**WORK REQUIRED**
Extract, word for word, each line from the line holding "Royal Blues Hotel photo 8" through the end of the records. Omit every picture.
╔══
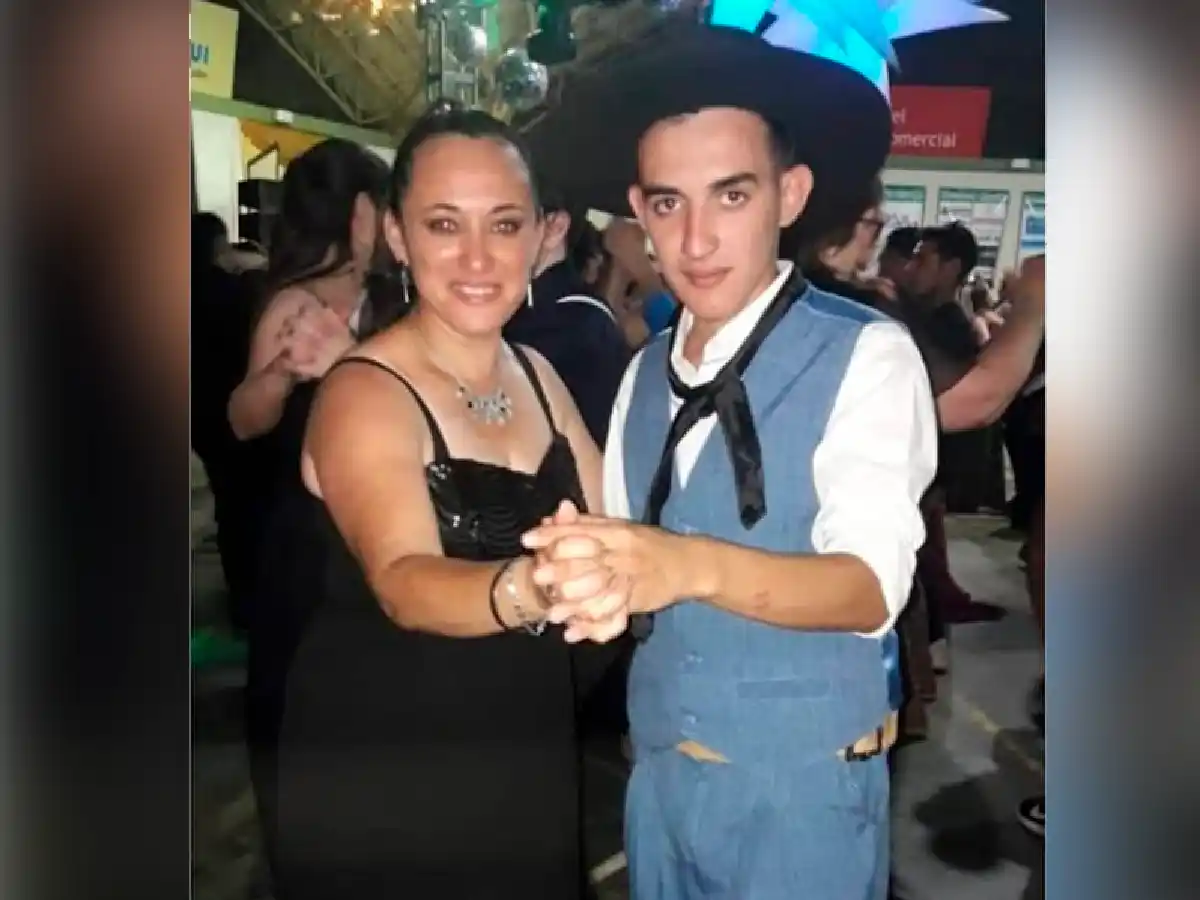 Arroyito: terminó el secundario y fue vestido de gaucho a su fiesta de egresados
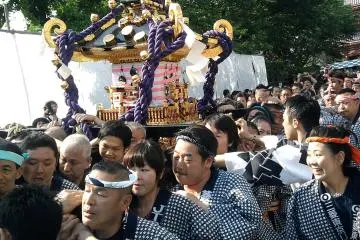 <p>ขบวนแห่ Mikoshi</p>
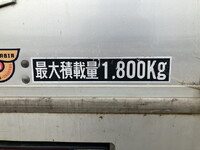いすゞエルフアルミバン小型（2t・3t）[写真17]
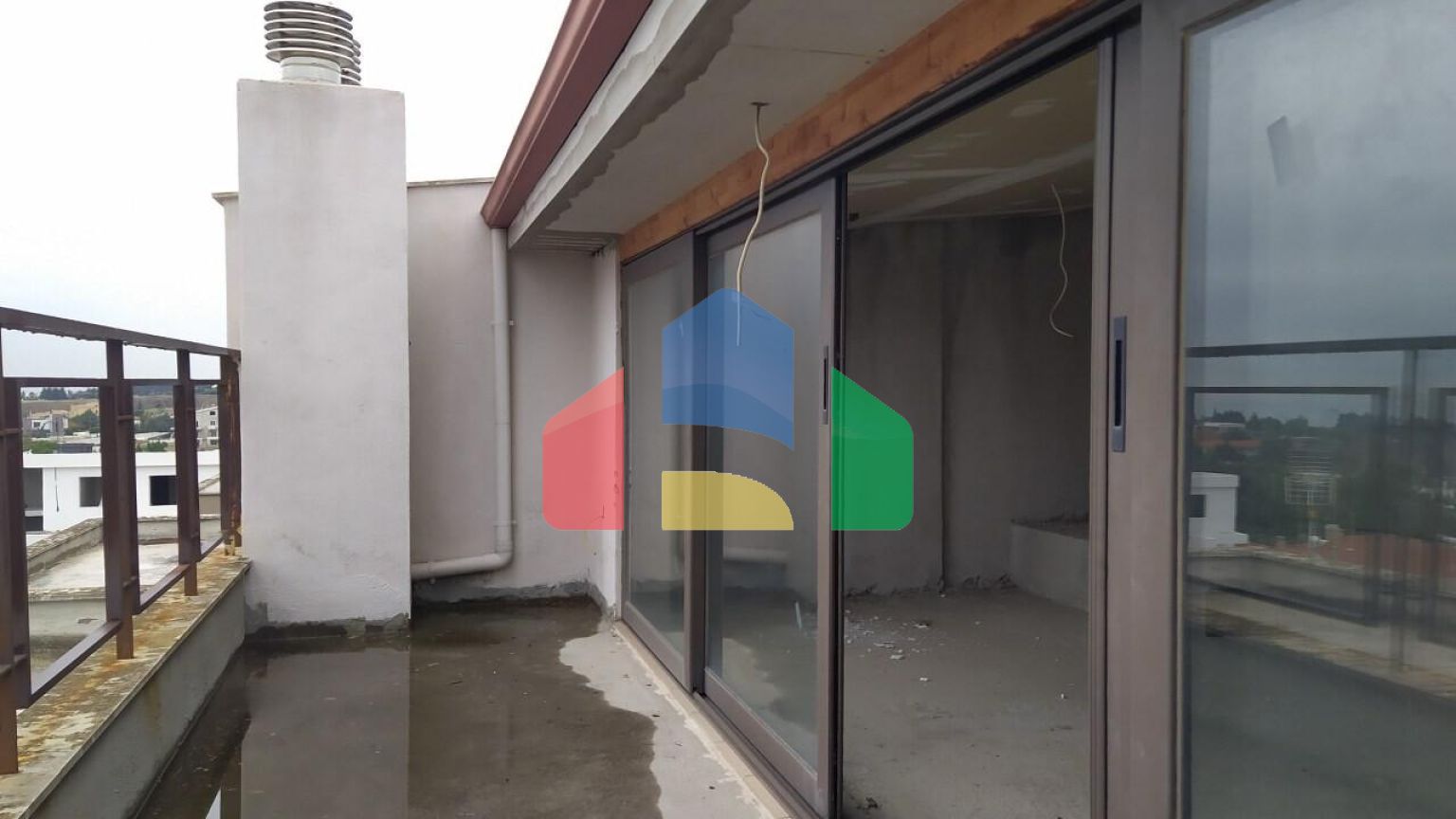 Продаж - Таунхаус 270 m² в передмісті Салонік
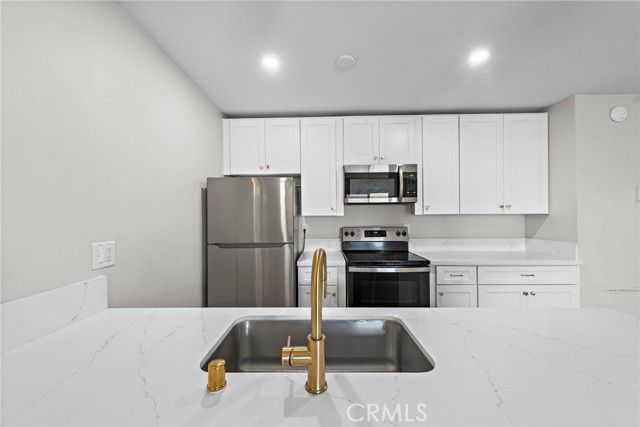 6679 Linda Vista Road 7, San Diego, CA 92111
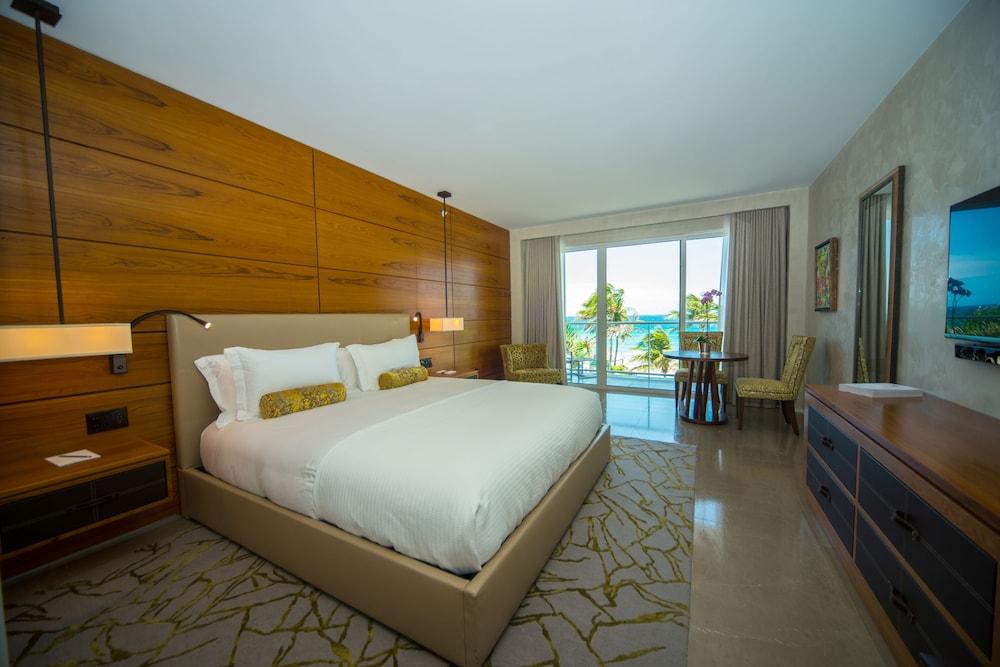 Royal Blues Hotel photo 8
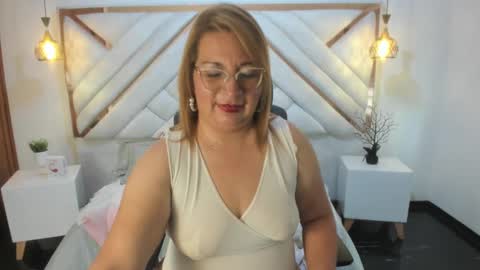 Mailyn online show from March 12, 2025, 9:03 pm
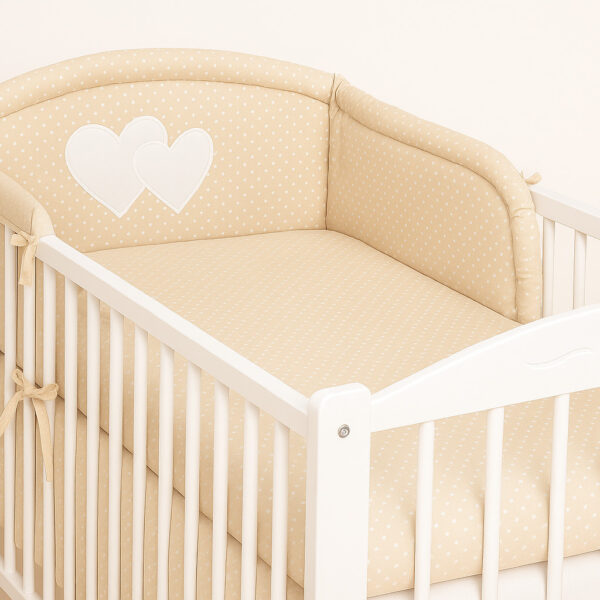 Ochraniacz do łóżeczka na szczebelki uniwersalny - Serduszka kropki na beżu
╚══
**ANSWER BOX**
 Royal Blues Hotel photo 8
 Mailyn online show from March 12, 2025, 9:03 pm
 Ochraniacz do łóżeczka na szczebelki uniwersalny - Serduszka kropki na beżu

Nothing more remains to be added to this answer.